The bare fact of this truth was not new for me. I had experienced this as I walked through the healing of childhood sexual abuse years earlier. It was a painful and lonely journey. I had the support and love of others throughout this entire journey. I could not have done it without them, but they could not enter the darkest of places inside. They could not feel the full weight of my shame, my fear or my despair.
But there is One who could. God’s Spirit was with me. As Comforter. As Friend. As Healer. As the Presence of tender, intimate love.
When I was early in the journey of recovery from childhood abuse, the wounded child in me wanted nothing to do with the thought that God was with me when I was experiencing abuse. This thought created complete confusion for me. How was it possible, for God to have been there with me and to not have stopped what was happening? My child’s mind shuttered at this thought.
It took a long time for me to be ready to invite God to show me how God was with me in that darkness, but I was eventually able to do this. The first vision I had after inviting God to open my eyes was a vision of a room in which I was being abused as a child. The abuse was taking place. I had seen this event before many times. But this time the room was transformed. It was filled with light, God’s own light and the light of angels too many for my young mind to count. I was stunned, breathless.

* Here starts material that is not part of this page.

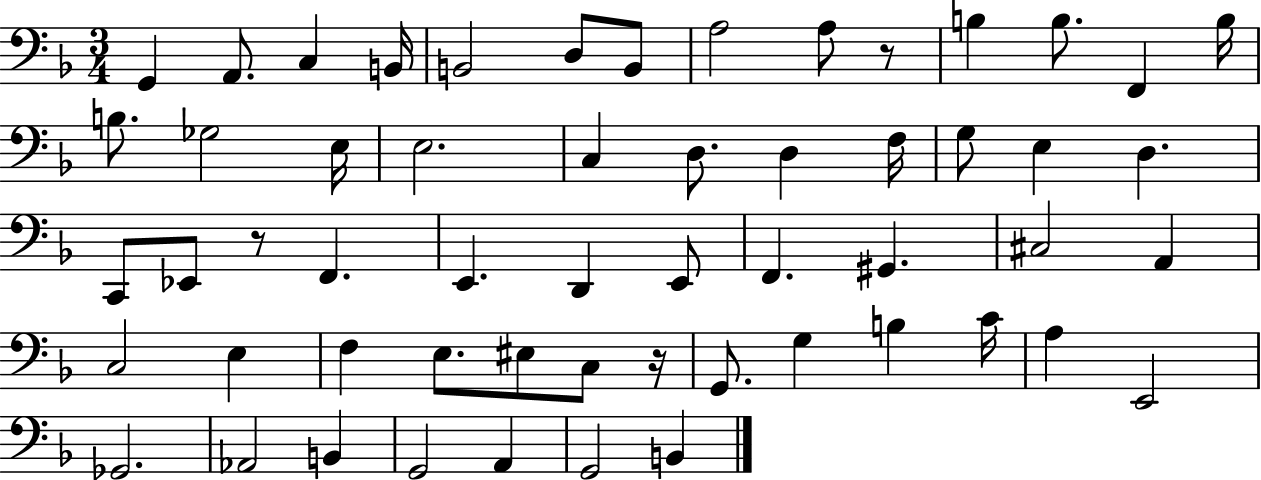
G2/q A2/e. C3/q B2/s B2/h D3/e B2/e A3/h A3/e R/e B3/q B3/e. F2/q B3/s B3/e. Gb3/h E3/s E3/h. C3/q D3/e. D3/q F3/s G3/e E3/q D3/q. C2/e Eb2/e R/e F2/q. E2/q. D2/q E2/e F2/q. G#2/q. C#3/h A2/q C3/h E3/q F3/q E3/e. EIS3/e C3/e R/s G2/e. G3/q B3/q C4/s A3/q E2/h Gb2/h. Ab2/h B2/q G2/h A2/q G2/h B2/q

Several weeks later I saw another vision. Again I was being hurt in a room in this same house. And, again, I had visited this scene several times. When I invited God to show me how God was present at that time, I saw Jesus kneeling on one knee next to where I was on the floor. But some little kid part of me was also wrapped in Jesus’ arms. Jesus’ jaw was tight with distress, his presence was strong and tender. A part of me was held. In the middle of the worst kind of suffering, I was held. I was loved.
Over several years, memory after memory of abuse came. And vision after vision of Jesus with me, loving me, holding me, came as well. The horror and the powerful, tender love. I thought that in those terrible times I had been forgotten, abandoned. But I was never alone.
Somehow God was not only with me but my pain and suffering were somehow God’s own pain and suffering. God suffers all things with us. God shares all sorrow and all joy with us. So when I poured my heart out to God about all that I was feeling and experiencing, I came to understand that God knew. In fact, God knew more than I knew about the depths of my suffering—long before I was able to acknowledge it.
Revisiting the pain of childhood abuse is a painful process, but the gains and gifts that came to me are beyond measure. I know now that deep in the heart of our suffering, in the darkest and most painful corners of memory, God is at work. Long before we are able to begin the healing journey, God has been at work preparing the way for us. God is with each of us. Absolutely. Always. And God fully knows with complete empathy and compassion what we are experiencing, even those experiences that are beyond words.
Some mornings when I am out walking I look up at the sky and it seems far away. On other days I realize that the sky kisses the earth. As I walk, I move through sky. I walk surrounded by sky. I breath in the sky. It lives inside of me.
Whether the sky seems close or far away, the truth is that it is always close.
And, so it is with God. God is the One in whom we “live and breathe and have our being” (Acts 17:28). God is with us. Always. God’s loving presence caresses us, surrounds us, fills us.
I am not alone. You are not alone. God is with us. And God knows. You can trust this absolutely.
When you don’t know what to do…know you are not alone.
Questions for reflection and discussion
1 What experiences have you had of feeling alone during difficult times?
2. What has helped you feel less alone?
3. What experiences have you had of God’s presence with you?